I've seen the enclosure, and I'd like to share my difficulty over the following sentence: Based on the Qur’anic dictum: ‘O People of the Book! Come to common terms as between us and you’ we have also kept the forum open for God-fearing thinking people of other faith communities.

I support communication across all manner of differences (even though I am not "God-fearing" - since I don't really know what to fear or why).

Open communication is absolutely necessary, regardless of what any of the scriptures say, or do not say.
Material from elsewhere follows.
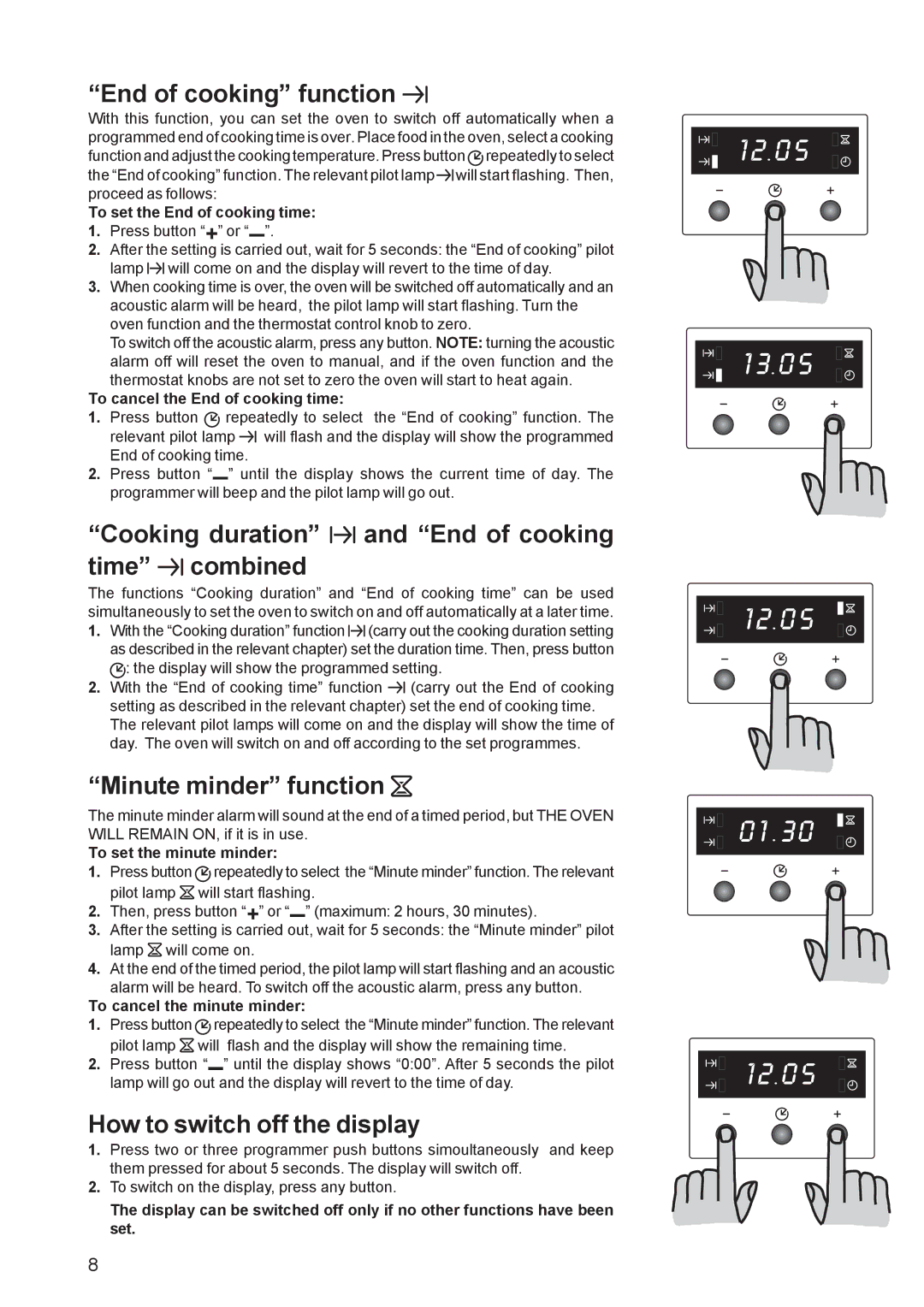 Zanussi ZBF 361 manual End of cooking function, Cooking duration and End of cooking time combined, Minute minder function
To justify this (or anything else) with reference to what the Quran says can be self-defeating because the Quran, like any other scripture, can be read in very many different ways (that is the elementary lesson from contemporary literary studies). I am no student of the Quran but my impression is that whatever can be justified by reference to it can also be be refuted by reference to some other part of the text. That is not peculiar to the Quran; it is inherent in the human capacity for subordinating the use of reason to our prejudices.

Shia, Sunni, Deobandi, Barelwi, Ahl-i-Hadithi, Tableeghi Jamaati, Qadiani.... - everyone believes they have the correct interpretation of Quran, Hadith, etc. It is because many Muslims entertain the mistaken belief that they can actually find divine guidance by reading the Quran that they are riven by limitless, sometimes violent, sectarian contention.  

It seems to me that the only reasonable course open to us as human beings, who have to live together on this planet, is to leave all scriptures aside and look, instead, to the long courses of human experience and human reason. Think of Mutazilites within Islam!